Indian Malayalam-language film

Ulta is a 2019 Indian Malayalam-language action comedy film written and directed by Suresh Poduval (in his directorial debut) and produced by Subash Cipy. The film stars Gokul Suresh, Anusree and Prayaga Martin, with Siddique, Ramesh Pisharody, Kalabhavan Shajohn and Surabhi Lakshmi in supporting roles.

== Plot ==
Ulta is a 2019 Indian Malayalam-language action-comedy film marking the directorial debut of Suresh Poduval. The film is produced by Subash Cipy under the banner of Cipy Creative Works.
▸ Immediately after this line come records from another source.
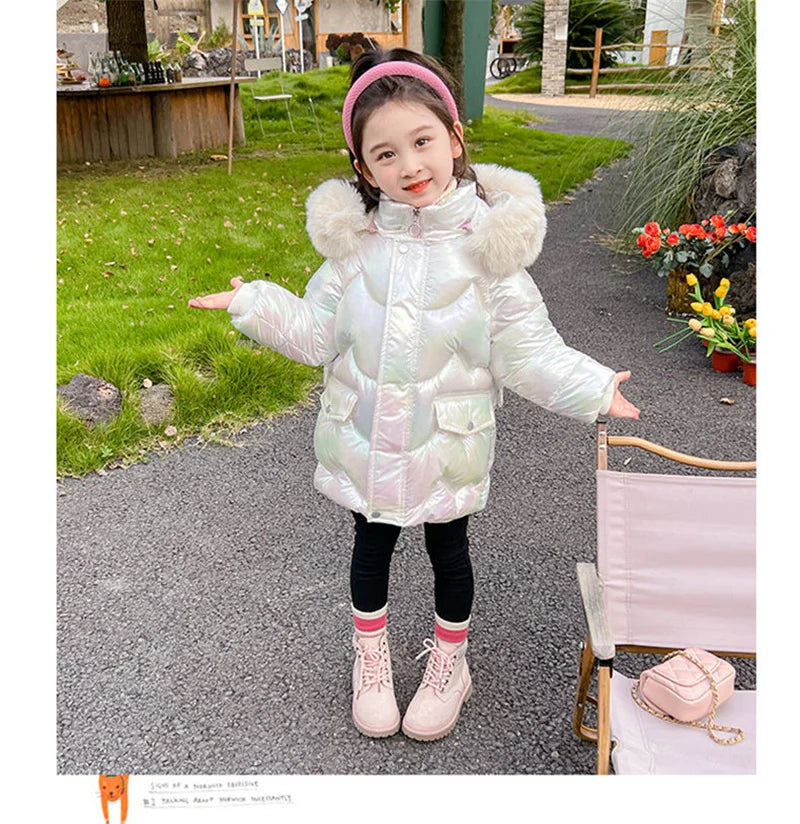 Doudoune Longue Fille Licorne | Imperméable Brillante | Col Fourrure Capuche | Parka Enfant Hiver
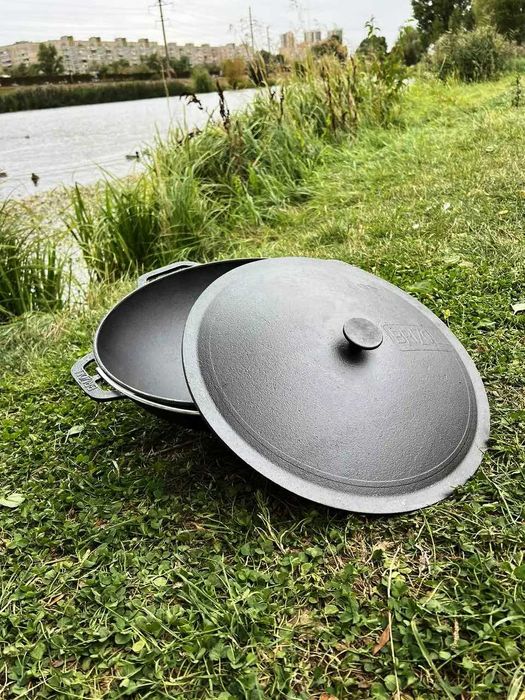 Казан Brizoll чавунний азіатський з кришкою-сковородою 4 6 8 10 12 15л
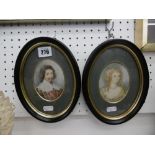 Two framed miniature portrait paintings of aristocrats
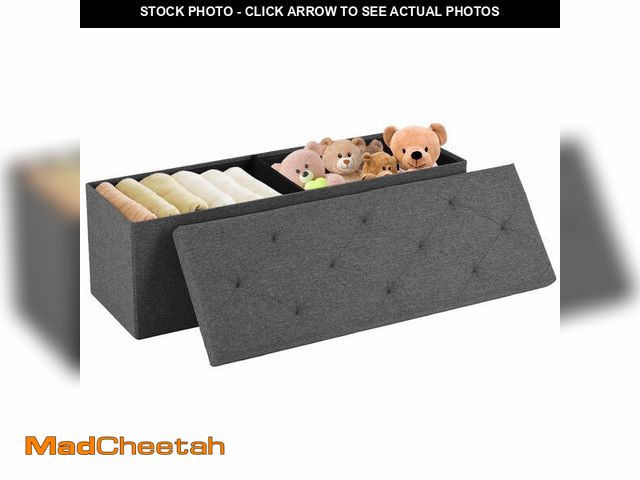 Lot 74-12765571 - CONCETTA 43" Storage Ottoman Benchâ Foldable Fabric Stool with Storage, 350 lb Capacity, for Bedro...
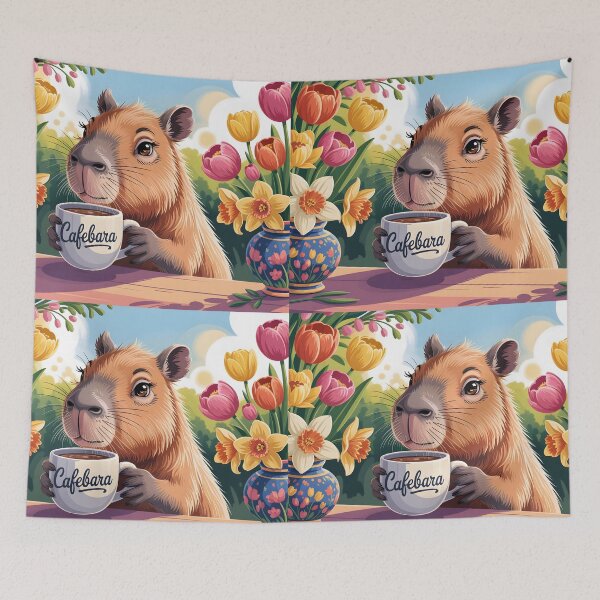 Item preview, Cafebara – Cute Capybara Girl Coffee Time Spring Mug Design designed and sold by EmeraldeaArt.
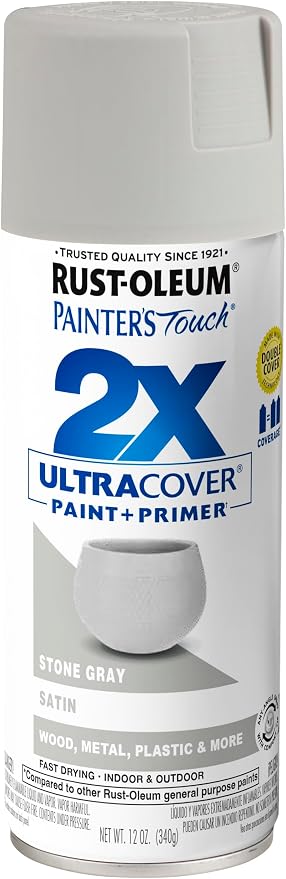 Rust-Oleum Painter's Touch 2X Ultra Cover Spray Paint, Satin Stone Gray | by Rust-Oleum
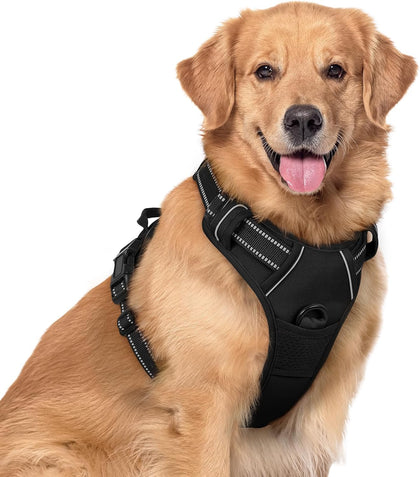 Dog Harness No Pull with 2 Leash Clips, Adjustable Soft Padded, Reflective Oxford No Choke Pet Vest with Easy Control
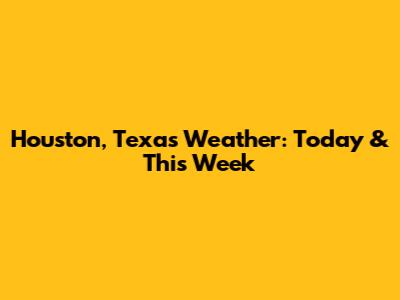 Houston, Texas Weather: Today & This Week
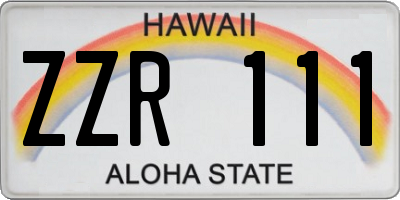 HI license plate ZZR111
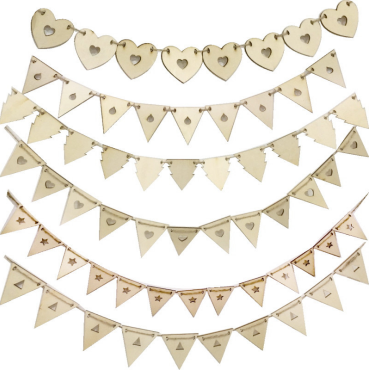 Rustic Wooden Custom Triangle Party Banner With Several Designs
It features Gokul Suresh, Anusree, and Prayaga Martin in lead roles, with supporting performances by Siddique, Ramesh Pisharody, Kalabhavan Shajohn, and Surabhi Lakshmi.

==Production==
Ulta is a comedy drama that marks the directorial debut of screenwriter Suresh Poduval, produced by Cipy Creative Works. Principal photography began by October 2018 in Kannur.

==Soundtrack==

The film features original background score and songs composed by Gopi Sundar and Sudarsan.